# Why is there so much damn maintenance on these?



## lorddamax (Apr 13, 2011)

So I'm in the sign and vehicle wrap business. I do some tshirts here and there either using something like Joto trimfree on whites, and easyweed for single color shirts on darks. I'm thinking I can expand with a DTG. I do some local events and I'm thinking if I can do custom shirts, on site, I'll make a killing.

So I'm reading all I can on these machines. And one thing I'm seeing over and over again is MAINTENANCE. Daily, weekly, monthly.

Why do these machines require SO much maintenance? I have a $24,000 Roland 54" EcoSolvent printer. I print consistently beautiful signs, banners, and vehicle wraps with it. My maintenance? Once a month I clean the capping stations, pull any lint/fuzz off the print heads, clean the wiper, etc. It takes me 10 minutes. 15 if it's really gummed up. Sometimes mid-month I need to do another cleaning if I notice the prints getting streaky (for some reason, my machine collects lint like a freaking swiffer. I'll have tiny hairs on the print head that drag/streak the ink). Never a clog, never a problem.

So why is it these DTG printers require SO much maintenance? I understand the white ink is very thick, and has issues, but I'm terrified to get this printer if I'm not printing 5 shirts a day with it. Post after post about how much maintenance is necessary with them. I've read about the Viper's WIMS system, and AnaJets closed loop systems how they help, but it seems even these printers need massive, daily maintenance.

Why is that? And which printers need the least? I'm not a tshirt shop - but I'd like to expand. But I dont want ANY piece of equipment that is more frustration than production. I've made thousands off my wide format Roland. I dont want a DTG to be the other way around...


----------



## kevrokr (Feb 26, 2007)

Keeping up with the maintenance of a DTG printer is crucial but should only take a couple of minutes per day. The main difference between a DTG printer and your Roland is the nature of the thicker inks. The pigment in the white inks is much thicker and more susceptible to drying when exposed to air. Of course DTG printers run alot more smoothly when they are used more often, but HAVING to print 5 shirts daily may be a little overkill. If you do the daily maintenance and are sure that the printer is printing correctly, you shouldn't have to print that much. Of course on the other side of the coin is the fact that if you are not able to print at least 3 days per week because the work is not there, maybe this type of printing is not a match for your business model.

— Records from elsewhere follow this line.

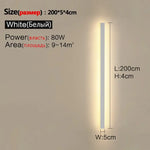 Applique Murale Extérieure Led Design Robuste Lumineux. Blanc L200Cm / Froid (6000K) Chambre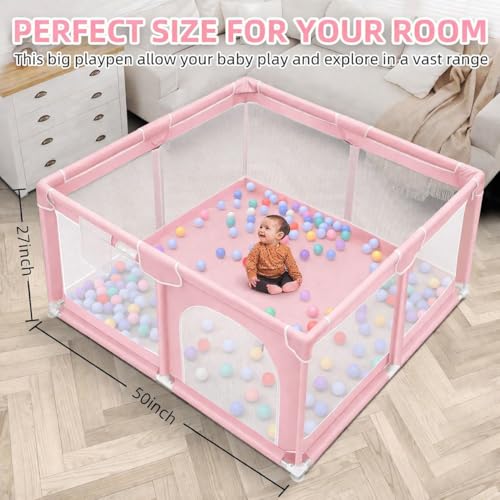 Image of ShivAnanta Baby Playpen for Home Indoor Kids Safety Play Fence with 30 Balls Mesh Play Area for 2+ Toddler Activity Zone Portable Baby Play Yard Anti Slip Child Play Space for Crawling Babies Secure Enclosure (Pink)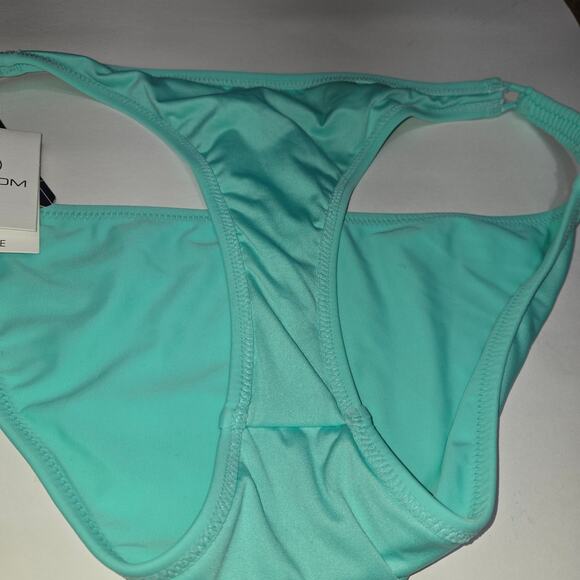 Volcom Womens XL Swimsuit Bikini Bottoms Simply Solid Full Carvico Green Teal - Picture 7 of 14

A good way to gauge if DTG printing is a good match is to find a DTG printer in your area that will be able to print good quality shirts in a reasonable amount of time...offer this kind of service to your customers/sell this kind of service, then come back and look at the sales numbers opposed to the amount you WOULD HAVE made if you had a machine. This way you can review the numbers and see if DTG printing will be a money maker BEFORE you make a machine purchase. You will not see the kind of return you would if you were doing the actual printing, but then again, you do not have machine payments that you are working for.


----------



## DAGuide (Oct 2, 2006)

Just curious if you are running white ink or any of the metallic inks through your Roland printer? Several dtg printers can sit dormant for a period of days without any issues when they only have CMYK inks in them. I personally had a GT-541 in my office and I would go out of town to trade shows at least once a month. I would be lucky to run the printer once every 2 weeks. The only time I did a cleaning was when I replaced the black ink cartridge - which would go beyond several months.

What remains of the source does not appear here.